#### The problem:
Look below for the lines from the one with "Durable poly v" to the one with "Frame Jeans Women's", and copy exactly those lines, both ends included.

#### Information shown:
***

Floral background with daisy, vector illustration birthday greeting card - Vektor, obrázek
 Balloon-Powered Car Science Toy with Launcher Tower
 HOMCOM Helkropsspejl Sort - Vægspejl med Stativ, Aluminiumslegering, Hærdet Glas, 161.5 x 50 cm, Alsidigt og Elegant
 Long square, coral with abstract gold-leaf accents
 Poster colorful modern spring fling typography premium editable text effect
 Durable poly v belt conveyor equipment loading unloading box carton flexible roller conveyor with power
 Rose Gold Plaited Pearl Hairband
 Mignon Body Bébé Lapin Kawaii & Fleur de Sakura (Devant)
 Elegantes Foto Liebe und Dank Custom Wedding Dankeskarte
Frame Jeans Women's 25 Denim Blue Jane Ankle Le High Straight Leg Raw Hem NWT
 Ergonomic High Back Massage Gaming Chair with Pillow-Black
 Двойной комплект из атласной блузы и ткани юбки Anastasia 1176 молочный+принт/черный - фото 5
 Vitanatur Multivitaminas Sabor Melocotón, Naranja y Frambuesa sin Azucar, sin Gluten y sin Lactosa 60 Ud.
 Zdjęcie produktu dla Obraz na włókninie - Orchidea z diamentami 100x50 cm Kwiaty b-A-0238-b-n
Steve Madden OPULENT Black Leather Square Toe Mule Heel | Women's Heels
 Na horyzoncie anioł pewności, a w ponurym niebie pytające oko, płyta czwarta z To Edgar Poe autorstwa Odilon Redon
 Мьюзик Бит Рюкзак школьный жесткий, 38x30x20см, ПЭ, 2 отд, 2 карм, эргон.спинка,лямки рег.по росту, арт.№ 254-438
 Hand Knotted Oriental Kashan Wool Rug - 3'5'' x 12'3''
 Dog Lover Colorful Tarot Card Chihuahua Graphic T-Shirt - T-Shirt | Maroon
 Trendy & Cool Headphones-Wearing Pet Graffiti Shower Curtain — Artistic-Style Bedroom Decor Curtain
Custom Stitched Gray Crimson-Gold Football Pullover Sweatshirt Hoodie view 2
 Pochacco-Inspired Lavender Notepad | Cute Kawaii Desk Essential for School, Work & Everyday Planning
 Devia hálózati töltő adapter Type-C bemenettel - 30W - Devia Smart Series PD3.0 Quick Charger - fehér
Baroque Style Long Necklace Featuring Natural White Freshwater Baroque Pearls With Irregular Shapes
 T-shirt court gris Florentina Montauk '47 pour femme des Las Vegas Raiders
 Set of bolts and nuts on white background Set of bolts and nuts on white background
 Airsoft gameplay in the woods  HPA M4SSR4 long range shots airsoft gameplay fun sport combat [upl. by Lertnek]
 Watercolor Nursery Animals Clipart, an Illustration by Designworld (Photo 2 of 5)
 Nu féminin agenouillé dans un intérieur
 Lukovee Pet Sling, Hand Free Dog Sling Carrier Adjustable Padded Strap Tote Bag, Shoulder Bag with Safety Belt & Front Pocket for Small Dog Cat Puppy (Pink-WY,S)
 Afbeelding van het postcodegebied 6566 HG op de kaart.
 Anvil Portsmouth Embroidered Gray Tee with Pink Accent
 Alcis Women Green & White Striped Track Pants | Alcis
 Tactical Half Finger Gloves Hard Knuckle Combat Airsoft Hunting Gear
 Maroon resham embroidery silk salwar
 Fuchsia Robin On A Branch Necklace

***

#### Result of this exercise:
 Durable poly v belt conveyor equipment loading unloading box carton flexible roller conveyor with power
 Rose Gold Plaited Pearl Hairband
 Mignon Body Bébé Lapin Kawaii & Fleur de Sakura (Devant)
 Elegantes Foto Liebe und Dank Custom Wedding Dankeskarte
Frame Jeans Women's 25 Denim Blue Jane Ankle Le High Straight Leg Raw Hem NWT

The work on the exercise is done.